Start of RECORDS SHOWN

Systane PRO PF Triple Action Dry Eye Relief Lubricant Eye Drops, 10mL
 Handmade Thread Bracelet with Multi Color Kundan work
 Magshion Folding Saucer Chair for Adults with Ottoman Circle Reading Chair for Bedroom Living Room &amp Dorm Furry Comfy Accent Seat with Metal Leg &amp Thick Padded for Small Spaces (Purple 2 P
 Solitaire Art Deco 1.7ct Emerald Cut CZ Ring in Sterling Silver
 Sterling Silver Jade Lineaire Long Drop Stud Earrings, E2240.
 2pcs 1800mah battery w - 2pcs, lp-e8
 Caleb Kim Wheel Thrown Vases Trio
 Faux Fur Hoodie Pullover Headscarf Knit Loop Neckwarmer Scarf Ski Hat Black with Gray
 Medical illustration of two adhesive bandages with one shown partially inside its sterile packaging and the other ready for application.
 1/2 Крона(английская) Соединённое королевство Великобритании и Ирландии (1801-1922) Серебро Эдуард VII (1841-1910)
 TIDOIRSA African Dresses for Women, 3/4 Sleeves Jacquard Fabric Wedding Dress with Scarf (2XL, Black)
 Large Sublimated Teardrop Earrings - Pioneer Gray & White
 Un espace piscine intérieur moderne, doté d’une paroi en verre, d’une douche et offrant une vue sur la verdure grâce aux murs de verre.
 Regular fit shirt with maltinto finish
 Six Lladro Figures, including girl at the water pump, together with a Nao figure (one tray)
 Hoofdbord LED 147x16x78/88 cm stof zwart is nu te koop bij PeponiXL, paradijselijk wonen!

End of RECORDS SHOWN

Only one part of the material above is to be transcribed, namely the lines starting with the line that has "1/2 Крона(английская) Соединённое" and going on through the line that has "TIDOIRSA African Dresses", exactly as they stand.

 1/2 Крона(английская) Соединённое королевство Великобритании и Ирландии (1801-1922) Серебро Эдуард VII (1841-1910)
 TIDOIRSA African Dresses for Women, 3/4 Sleeves Jacquard Fabric Wedding Dress with Scarf (2XL, Black)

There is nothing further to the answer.